• **About this exercise**
Leave out the pictures and give back all the entries exactly as written.

• **Data supplied**
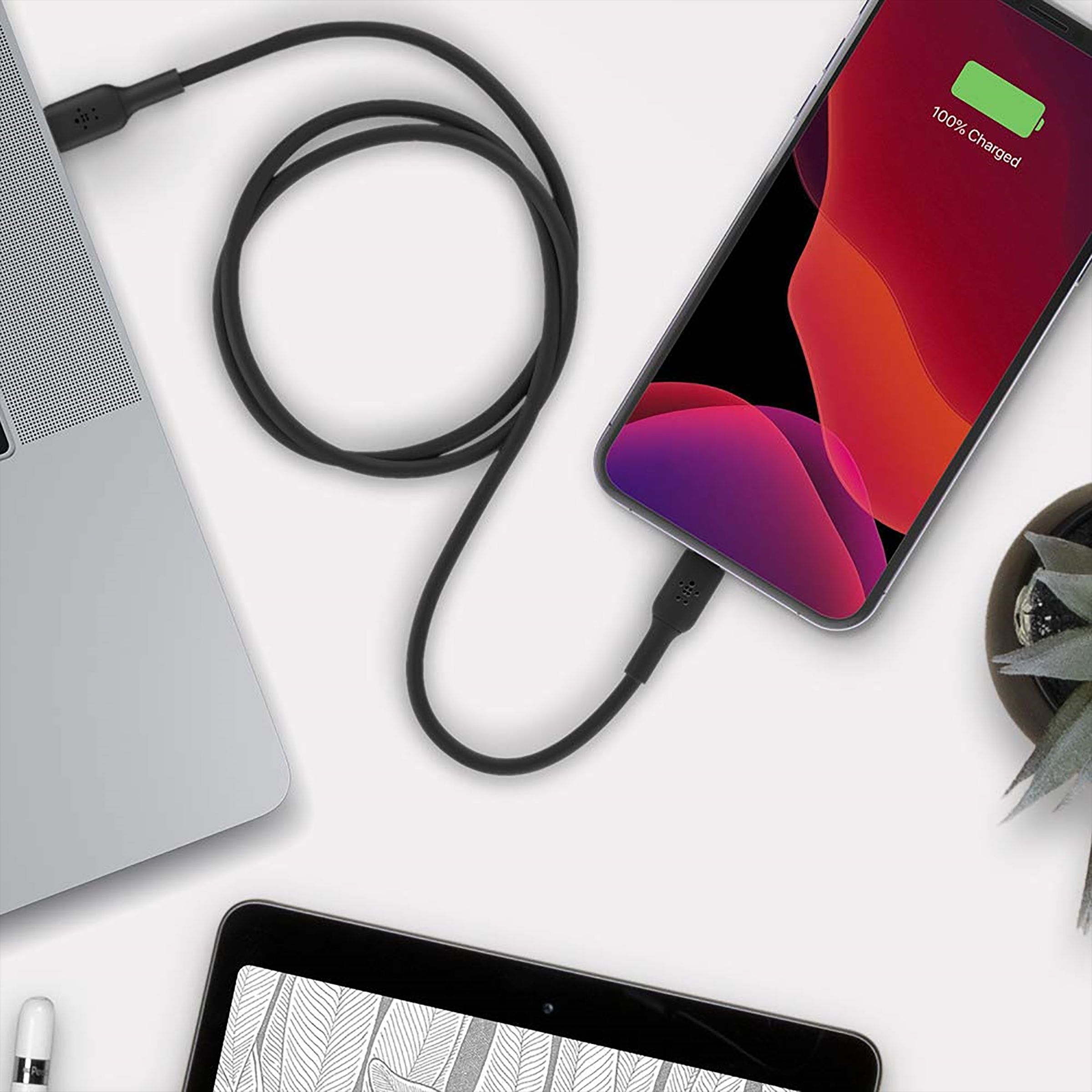 belkin BoostCharge Type C to Lightning Connector 3.3 Feet (1 M) Cable (Withstand 8000+ Bends, Black)_8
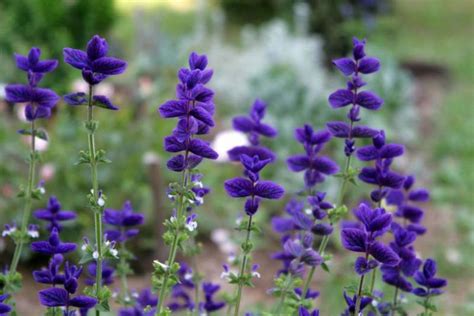 Salvia Horminum Blue Annual Sage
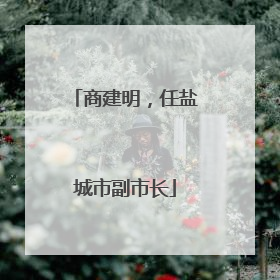 商建明，任盐城市副市长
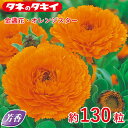 芳香 金盞花・オレンジスター 約130粒 種子 種 栽培 通販 タキイ
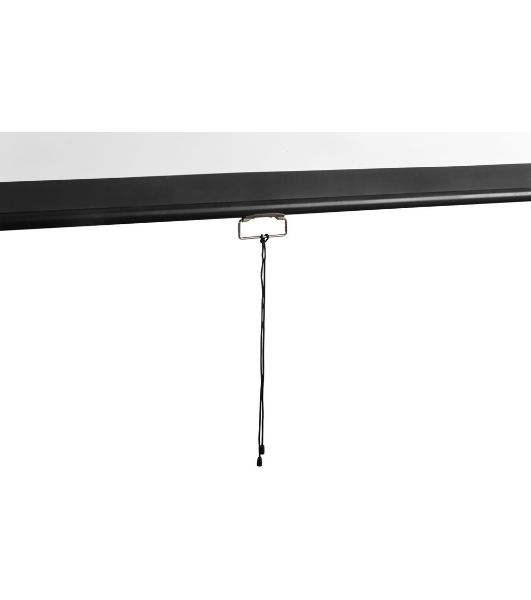 Экран 177x308см Digis Optimal-D DSOD-16907 16:9 настенно-потолочный рулонный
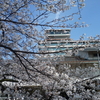 堀川の桜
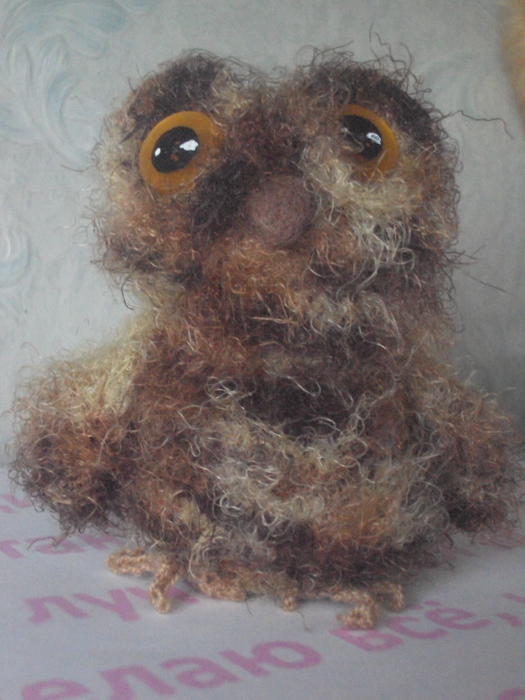 DSC02580 (525x700, 269Kb)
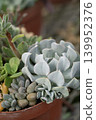 A succulent plant arrangement in soft colors 139952376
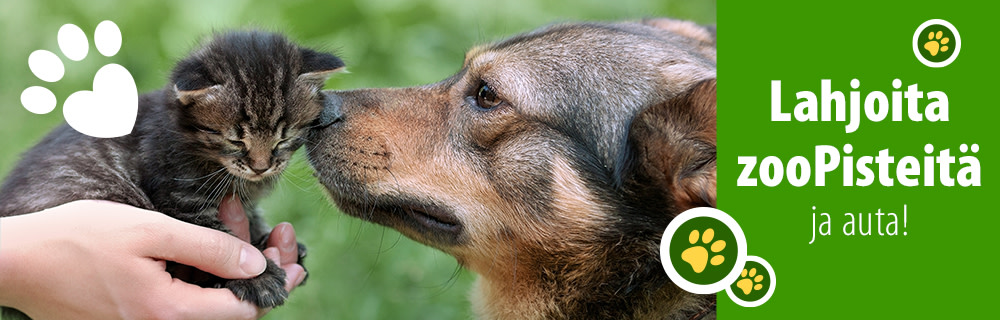 Lahjoita zooPisteesi hyväntekeväisyyteen.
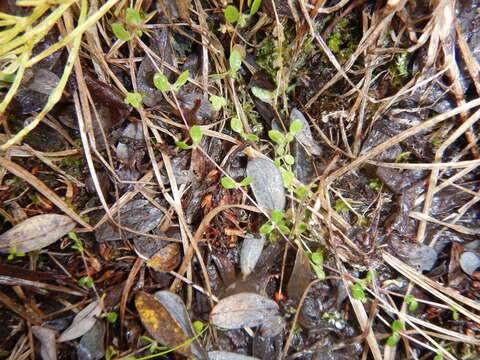 Image of Regel's chickweed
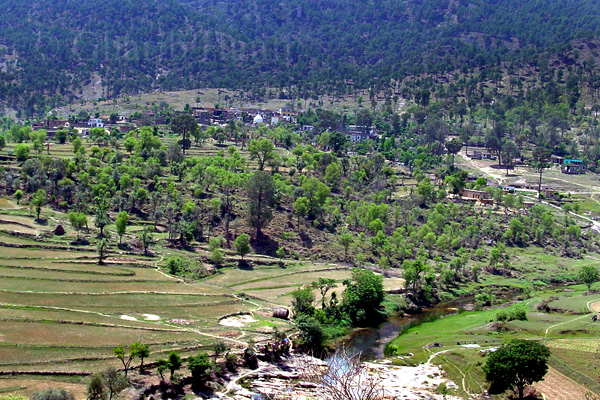 Sehrmandi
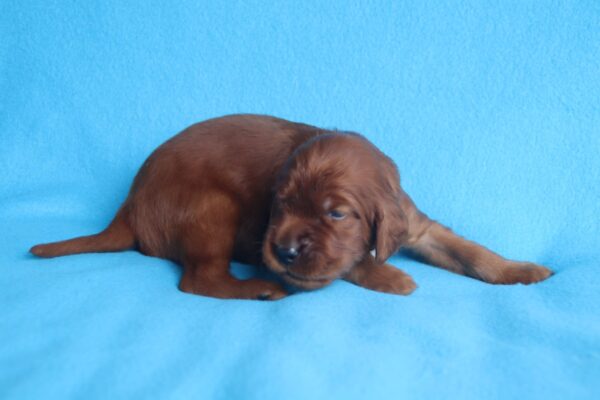 Koda Irish Setter Koda Irish Setter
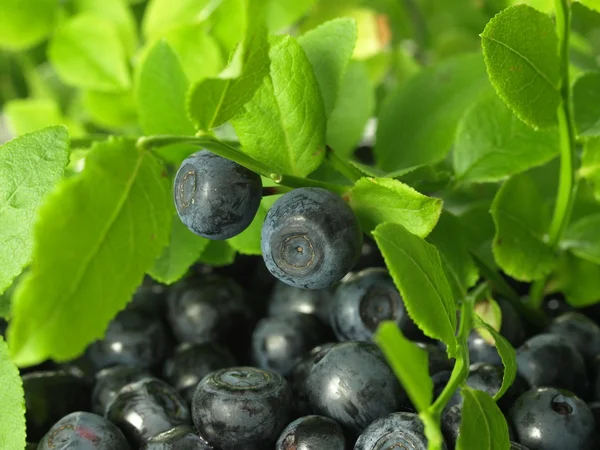 Blueberries from the bush — Stock Photo, Image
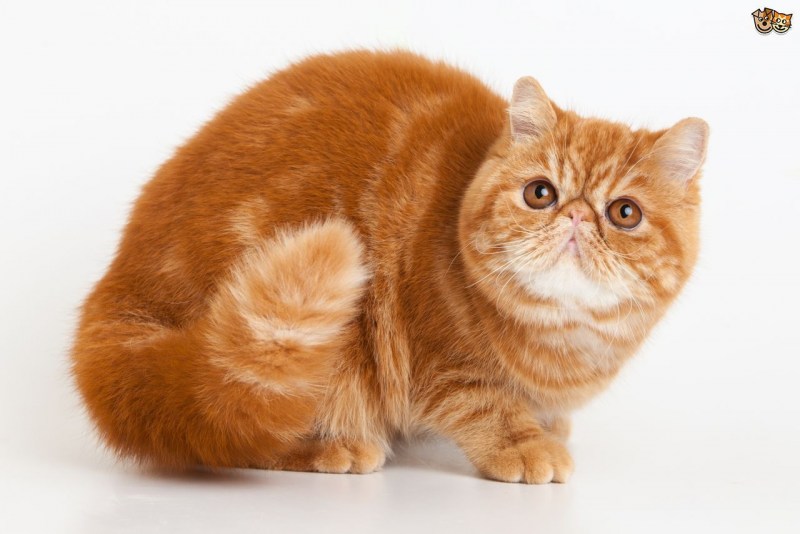 Персидский кот экзот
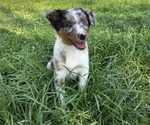 Puppy Opal Miniature Australian Shepherd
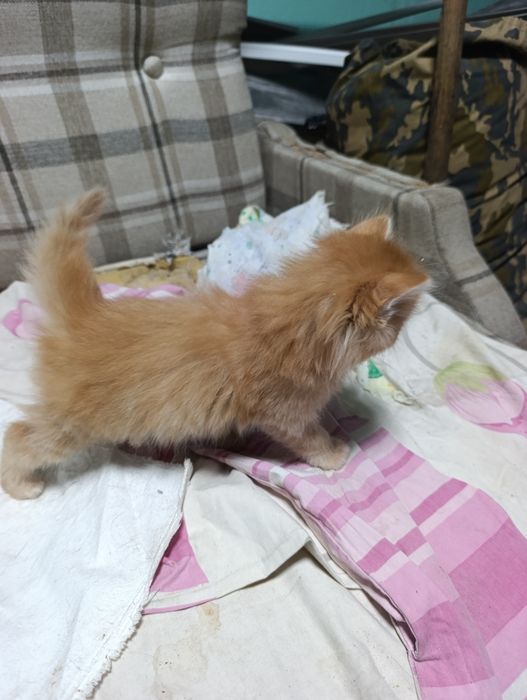 Отдам котят в добрые руки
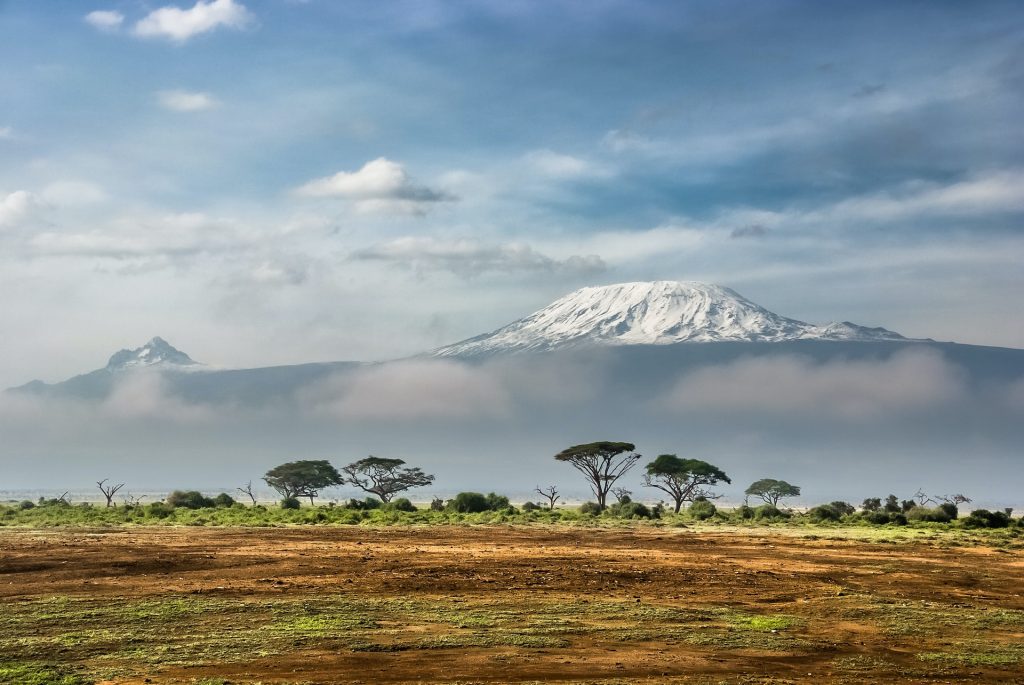 Voyager au Kenya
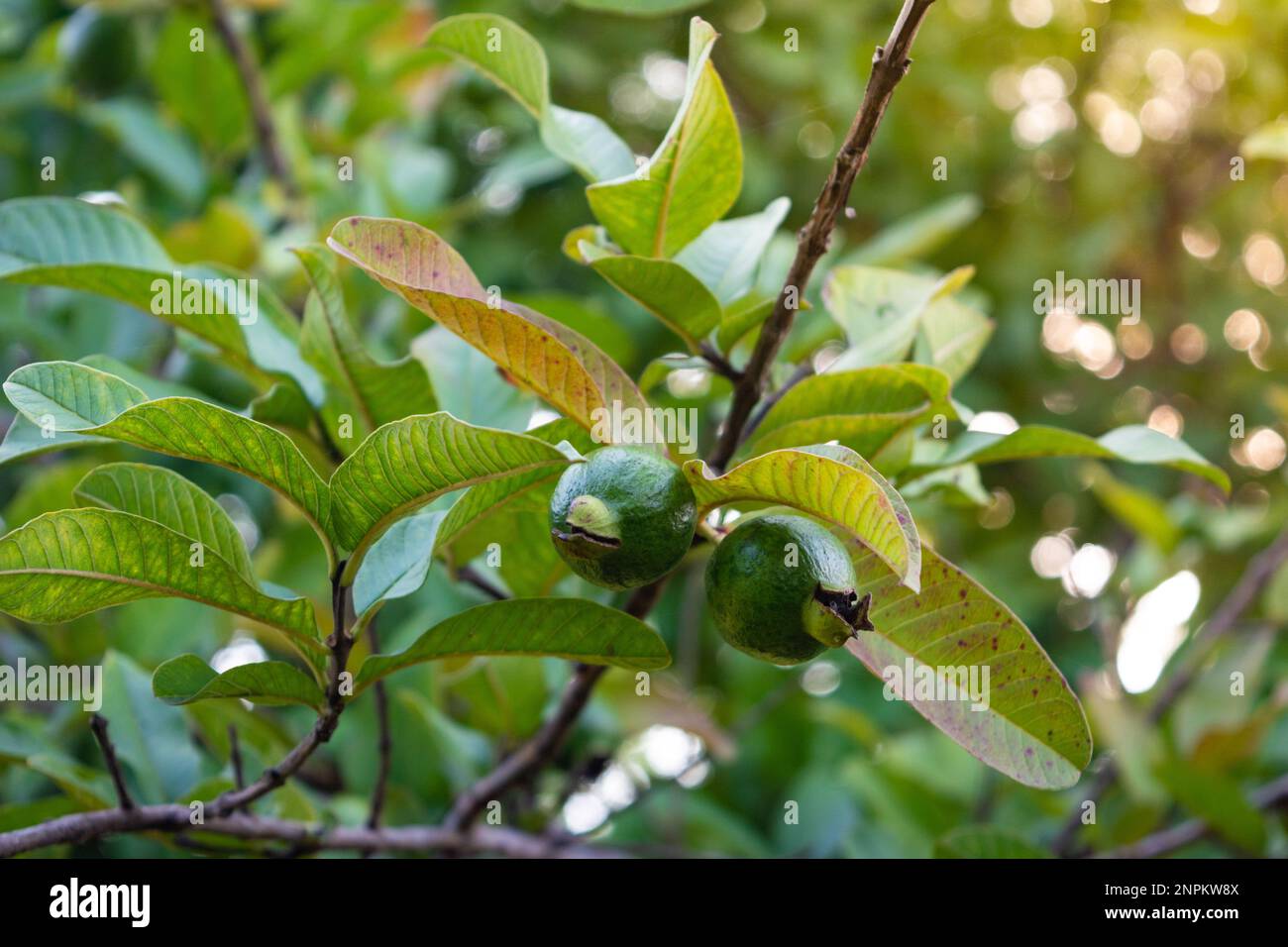 Tropical fruit guava on guava tree. Psidium guajava Stock Photo - Alamy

• **The answer**
 belkin BoostCharge Type C to Lightning Connector 3.3 Feet (1 M) Cable (Withstand 8000+ Bends, Black)_8
 Salvia Horminum Blue Annual Sage
 商建明，任盐城市副市长
 芳香 金盞花・オレンジスター 約130粒 種子 種 栽培 通販 タキイ
 Экран 177x308см Digis Optimal-D DSOD-16907 16:9 настенно-потолочный рулонный
 堀川の桜
 DSC02580 (525x700, 269Kb)
 A succulent plant arrangement in soft colors 139952376
 Lahjoita zooPisteesi hyväntekeväisyyteen.
 Image of Regel's chickweed
 Sehrmandi
 Koda Irish Setter Koda Irish Setter
 Blueberries from the bush — Stock Photo, Image
 Персидский кот экзот
 Puppy Opal Miniature Australian Shepherd
 Отдам котят в добрые руки
 Voyager au Kenya
 Tropical fruit guava on guava tree. Psidium guajava Stock Photo - Alamy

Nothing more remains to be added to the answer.